YOUR INSTRUCTIONS
Every entry in the data that follows should come back exactly, pictures aside.
[MATERIAL SHOWN — start]
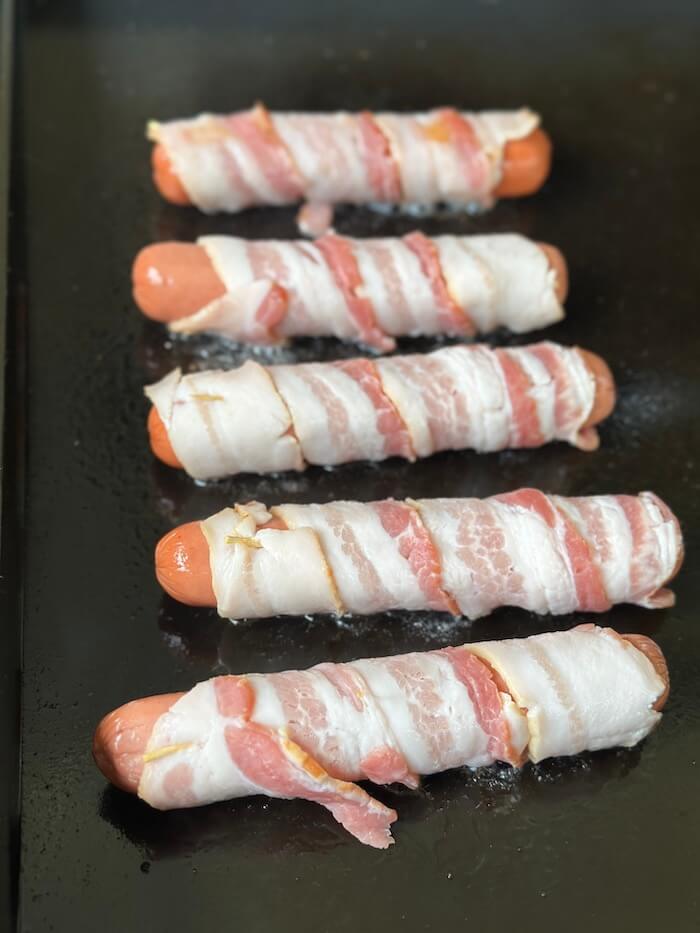 bacon wrapped hot dogs cooking on a griddle
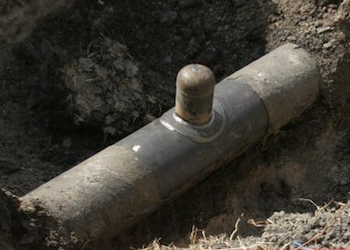 A clandestine tap used to siphon oil from a pipeline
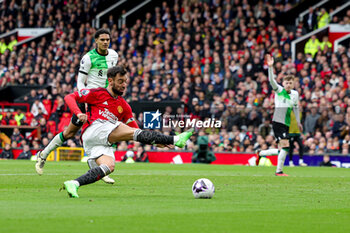 2024-04-07 - Bruno Fernandes (8) of Manchester United shoots during the English championship Premier League football match between Manchester United and Liverpool on 7 April 2024 at Old Trafford in Manchester, England - FOOTBALL - ENGLISH CHAMP - MANCHESTER UNITED V LIVERPOOL - ENGLISH PREMIER LEAGUE - SOCCER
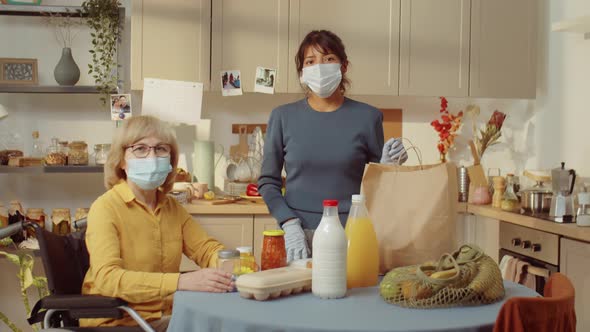 Volunteer And Senior Woman In Kitchen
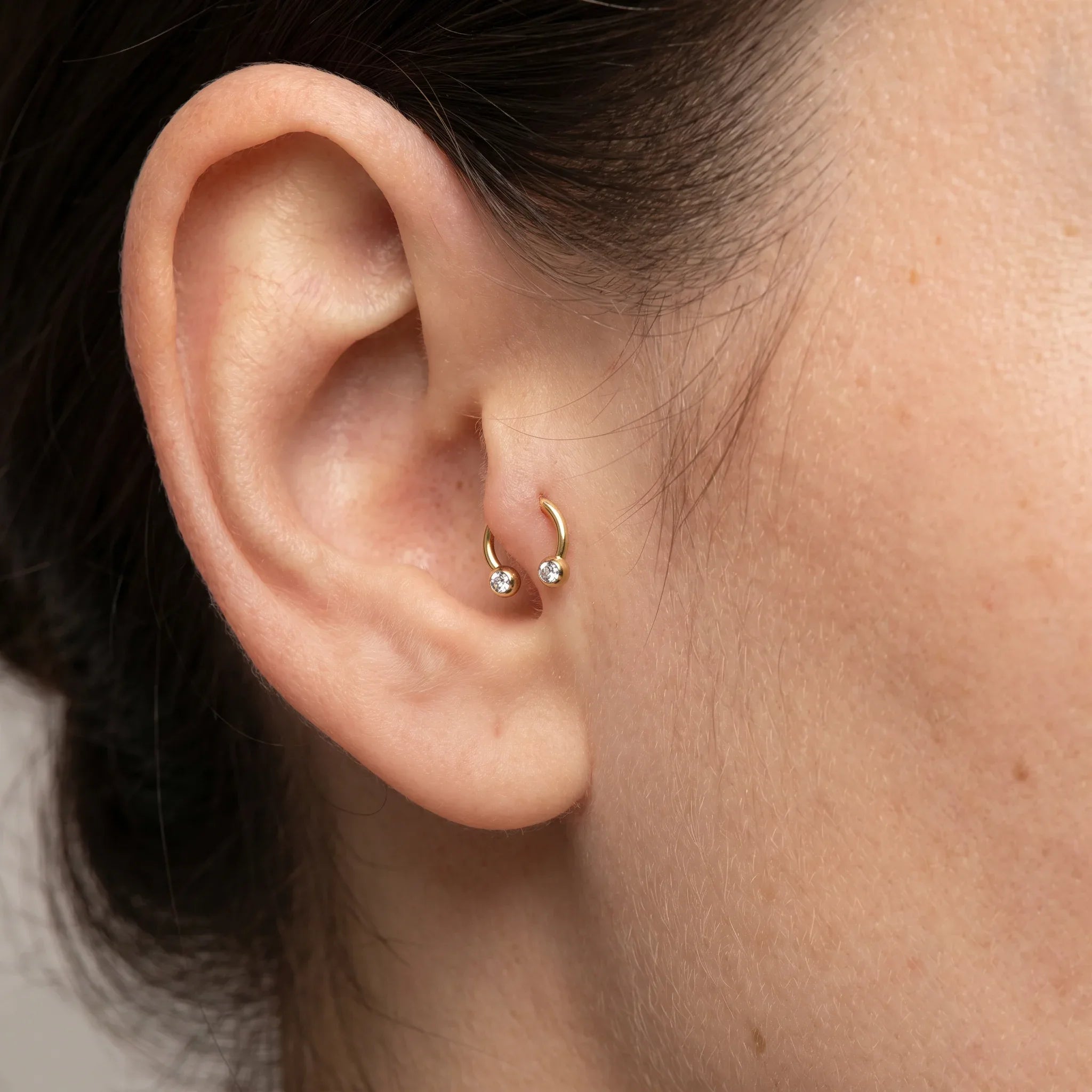 Gold titanium crystal ball horseshoe ring worn in a female piercing.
[MATERIAL SHOWN — finish]
TASK RESULT
 bacon wrapped hot dogs cooking on a griddle
 A clandestine tap used to siphon oil from a pipeline
 2024-04-07 - Bruno Fernandes (8) of Manchester United shoots during the English championship Premier League football match between Manchester United and Liverpool on 7 April 2024 at Old Trafford in Manchester, England - FOOTBALL - ENGLISH CHAMP - MANCHESTER UNITED V LIVERPOOL - ENGLISH PREMIER LEAGUE - SOCCER
 Volunteer And Senior Woman In Kitchen
 Gold titanium crystal ball horseshoe ring worn in a female piercing.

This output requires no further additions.